Assignment: From the line holding "The Range It's" through the line holding "Symbol 3d made from soccer balls. letter c" below, write out every line exactly; include both of those lines and drop the pictures.

Data supplied:
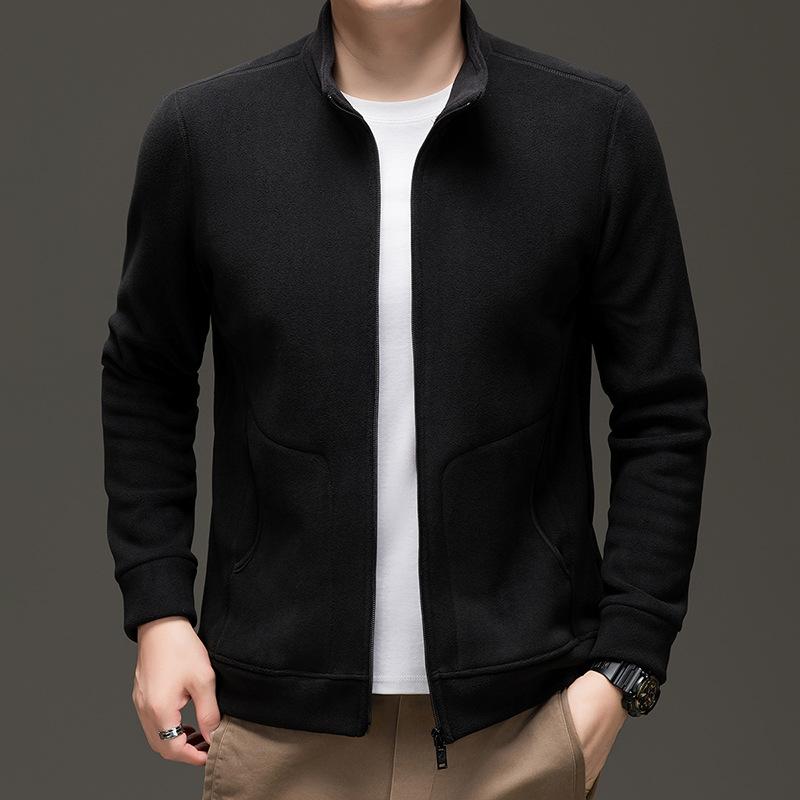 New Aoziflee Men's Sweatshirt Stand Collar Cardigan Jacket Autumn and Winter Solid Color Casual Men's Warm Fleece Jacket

...

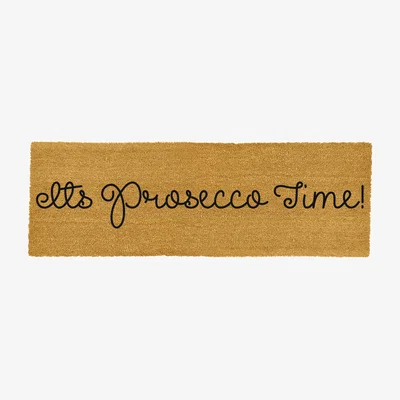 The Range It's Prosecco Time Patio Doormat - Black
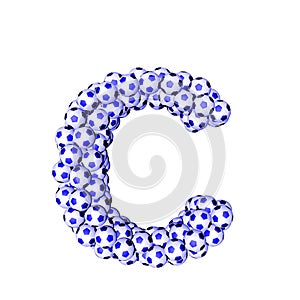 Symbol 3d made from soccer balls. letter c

...

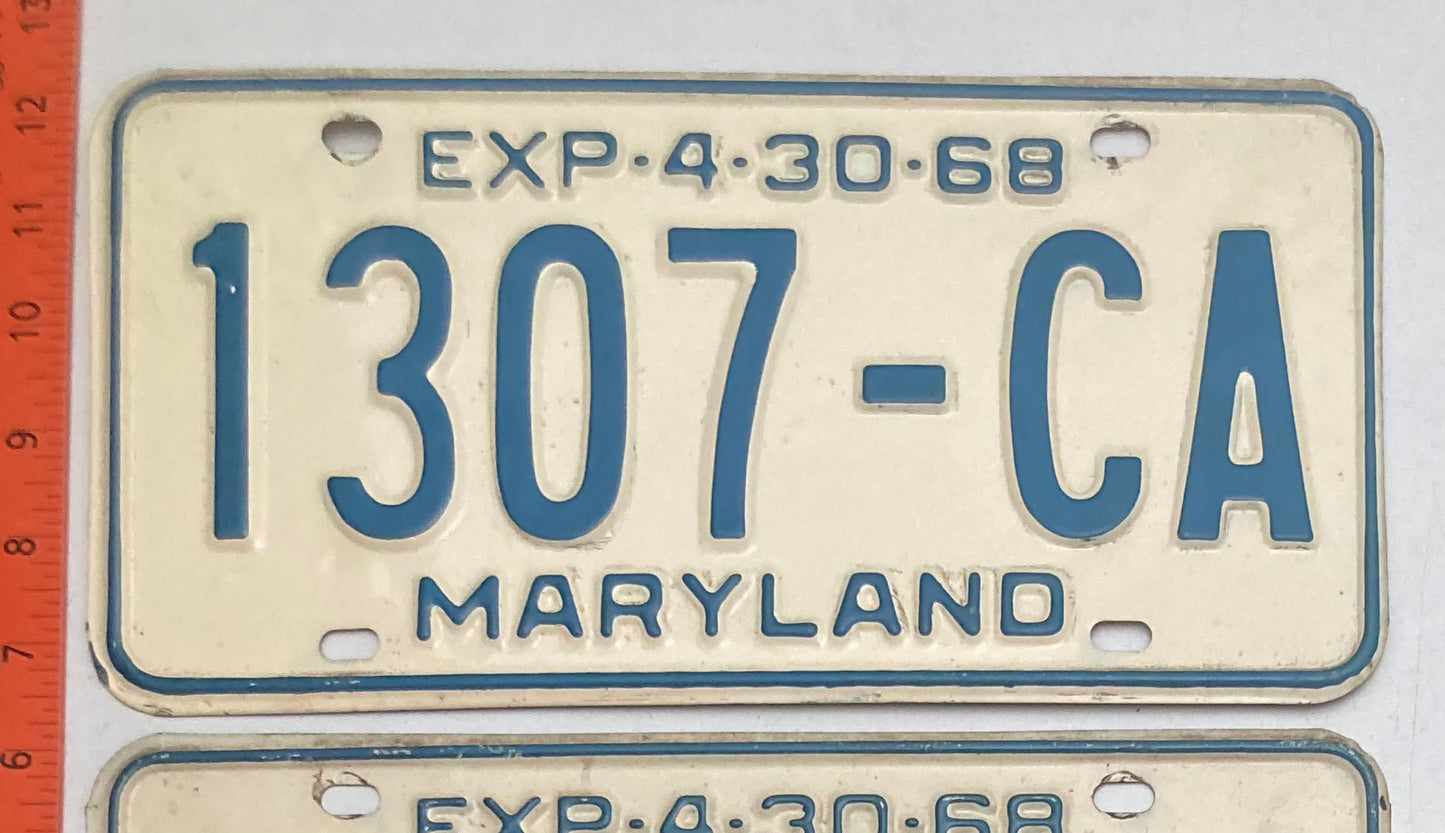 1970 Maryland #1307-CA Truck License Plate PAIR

Expected answer:
 The Range It's Prosecco Time Patio Doormat - Black
 Symbol 3d made from soccer balls. letter c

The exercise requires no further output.